Atuamos em parcerias com outras
missões e agências
em muitos casos.
Critérios
de atuação
Não atuamos em todos os 90
países em que há perseguição.
Nós operamos diretamente
em cerca de 50.
Nossos critérios são:
Igreja local pode extinguir-se
caso não haja ajuda externa.
Não há outra
agência missionária
operando no país.
Não há outra
forma de obter Bíblias se
não for pelo contrabando.
Possibilidade logística.
Posição estratégica
do país.
Solicitação
dos irmãos do local.
Ao chegar em um país, Portas
Abertas procura os pastores e diz:
"Aqui
estamos.
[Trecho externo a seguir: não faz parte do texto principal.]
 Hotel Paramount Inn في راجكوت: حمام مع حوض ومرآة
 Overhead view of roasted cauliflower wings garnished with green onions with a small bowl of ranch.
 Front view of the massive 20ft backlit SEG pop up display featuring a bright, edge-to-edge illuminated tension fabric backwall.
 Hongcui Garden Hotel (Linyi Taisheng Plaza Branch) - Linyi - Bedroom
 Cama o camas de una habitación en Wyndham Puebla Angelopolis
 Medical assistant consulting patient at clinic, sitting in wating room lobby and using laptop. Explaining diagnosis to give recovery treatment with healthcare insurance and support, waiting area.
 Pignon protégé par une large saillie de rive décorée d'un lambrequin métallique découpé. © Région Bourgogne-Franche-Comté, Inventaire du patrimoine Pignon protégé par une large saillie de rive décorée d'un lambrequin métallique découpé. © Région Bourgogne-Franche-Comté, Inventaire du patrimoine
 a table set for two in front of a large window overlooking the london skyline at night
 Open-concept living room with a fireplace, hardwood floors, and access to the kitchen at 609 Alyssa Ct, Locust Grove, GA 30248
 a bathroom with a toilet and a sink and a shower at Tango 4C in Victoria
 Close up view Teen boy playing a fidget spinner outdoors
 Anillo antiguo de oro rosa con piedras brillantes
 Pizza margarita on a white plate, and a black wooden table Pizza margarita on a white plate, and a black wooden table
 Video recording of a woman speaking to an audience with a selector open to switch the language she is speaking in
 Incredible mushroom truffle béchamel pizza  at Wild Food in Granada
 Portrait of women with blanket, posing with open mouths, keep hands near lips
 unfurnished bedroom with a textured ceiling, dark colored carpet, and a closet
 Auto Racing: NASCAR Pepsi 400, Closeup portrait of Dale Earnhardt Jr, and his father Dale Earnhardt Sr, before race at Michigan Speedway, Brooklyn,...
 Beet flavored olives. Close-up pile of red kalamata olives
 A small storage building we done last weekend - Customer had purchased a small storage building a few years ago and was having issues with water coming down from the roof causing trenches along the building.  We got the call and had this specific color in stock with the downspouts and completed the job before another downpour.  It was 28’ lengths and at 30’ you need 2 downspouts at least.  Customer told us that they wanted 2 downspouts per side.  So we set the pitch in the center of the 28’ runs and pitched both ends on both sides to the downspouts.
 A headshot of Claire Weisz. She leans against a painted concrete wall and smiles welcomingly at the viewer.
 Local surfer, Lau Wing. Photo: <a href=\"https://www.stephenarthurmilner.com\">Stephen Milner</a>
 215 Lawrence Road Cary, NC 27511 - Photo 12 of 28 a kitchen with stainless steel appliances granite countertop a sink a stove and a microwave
O que podemos fazer para
ajudá-los?"
Não chega com uma receita
do que os pastores devem fazer,
mas ouve deles o que querem que
a Missão faça.
Em 95% dos casos, os pastores dizem:
"Por favor, orem". Muitas
vezes começam a chorar e
dizer: "Estamos lutando e perdendo
a batalha, porque achamos que ninguém
está orando a nosso favor".
O segundo pedido sempre é
por Bíblias, materiais de
estudo e treinamento. Coisas que
precisam em seu ambiente particular
para poderem enfrentar o desafio
e resistir às ameaças
e à pressão.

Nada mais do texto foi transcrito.